戦争から、きらめきと魔術的な美がついに奪い盗られてしまった。

とは、映像の世紀のナレーションで語られたチャーチルの言葉であるが、
これは、牧歌的な戦争から近代兵器の登場により、死者の桁が二桁増えた、大殺戮の時代の突入したことによる。
軍人の戦争から国民総動員の世界へと突入し、第一次大戦の4年間で1000万人が死んだ。
そして、第二次世界大戦では6000万人〜8000万人が死んだ。この頃は世界人口が25億人なので、とんでもない死者数だ。

魔術的な美、とはいえ、戦争は恐ろしい。それは古代から現代、未来まで永劫変わることはない。戦闘の当事者、関係者は地獄であり、悲惨である。
戦争とは常に表現者にとっての踏み絵の如く存在し、特に牧歌的な戦争の頃は、そこに美を見出す、或いは、そこで活躍するものに美を見出すこともあったのだろう。

この魔術的な美、というもの、魔術的なきらめき、というものは、小説にも存在している。
文豪のいた時代、20世紀が最後の文豪の時代であって、21世紀には文豪はいない。辛うじて、村上春樹(私は読んだことないが、世間的な幻想や実績を考慮すると)や大江健三郎が最後の文豪であり、後は職業小説家である。
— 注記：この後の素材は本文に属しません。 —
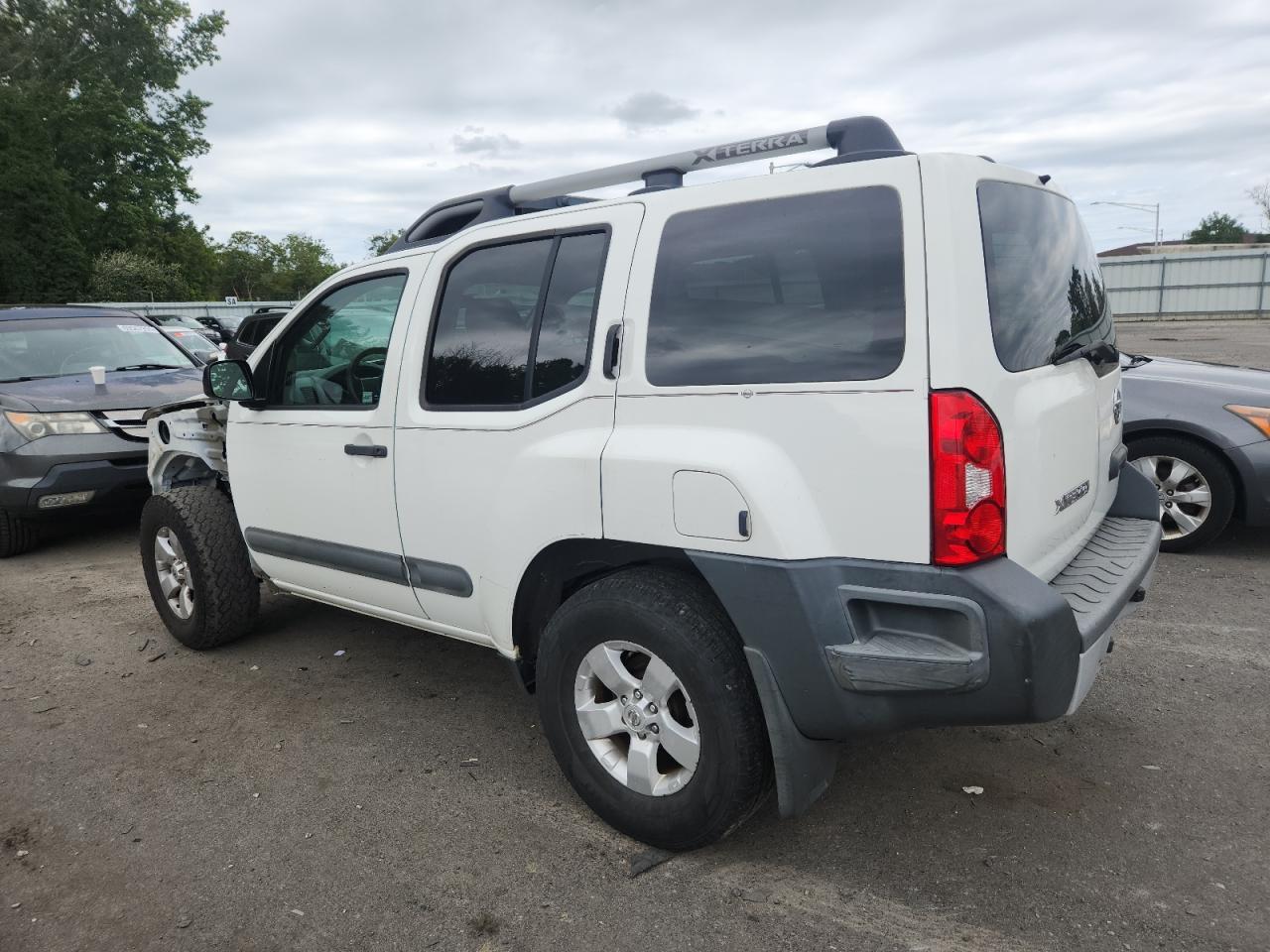 2013 Nissan Xterra X - Фото 2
誰しもが文章を書ける時代が訪れて、そして、誰しもがそれを発表できる時代が訪れた。

明治大正時代の文豪は、要はエリート様である。日本最高峰の学校に通い勉学に励んだ者と、日々の暮らしのために生きていくのに必死の人々との、圧倒的な差があり、凄まじい断絶があって、小説を書く、などは一般の人にはまさに魔術であって、奇術であった。
然しながらエリートも幾人もおり、その中でも成功したものはまさに天才だと定義されるのだろう。

この、天才というのも今では少しのことで与えられる程度の冠になったが、個人的には存命する日本の天才藝術家は宮崎駿だけだろう。天才とは、アインシュタインであるだとか、文明を一歩進める、文化を一歩進める、そのような天賦であって、そんなものは数十億人に1人しか生まれないものだ。

さて、今はスマートフォンですいすいと他人様の知識を簡単に盗むことが可能になったが、昔はまず、文字が読めず、書物は手に入らず、灯りはなく、仕事は辛く、金はなかった。
小説家は先生であったし、御医者様は、より偉大だった。誰もが出来ないことを出来る知識、能力を持って初めて尊ばれる。
今の小説家は先生ではない。画家や漫画家、医者は先生と見なしても良いが、小説は誰にでも書ける。

まぁ、『HUNTERXHUNTER』における念能力のようなものである。
昔は、一握りがオーラを使い、その魔術その奇術で人々は楽しませ、驚かせてきたが、今はクラピカがブラックホエール号船内で念能力を広めてしまったため、多くの素人集団が念能力を使用できるようになり、カオスに近づいている。

小説は鍛錬と訓練で誰でも書けるのだ。でも、所詮は人間。天才とはメルエムみたいなものである。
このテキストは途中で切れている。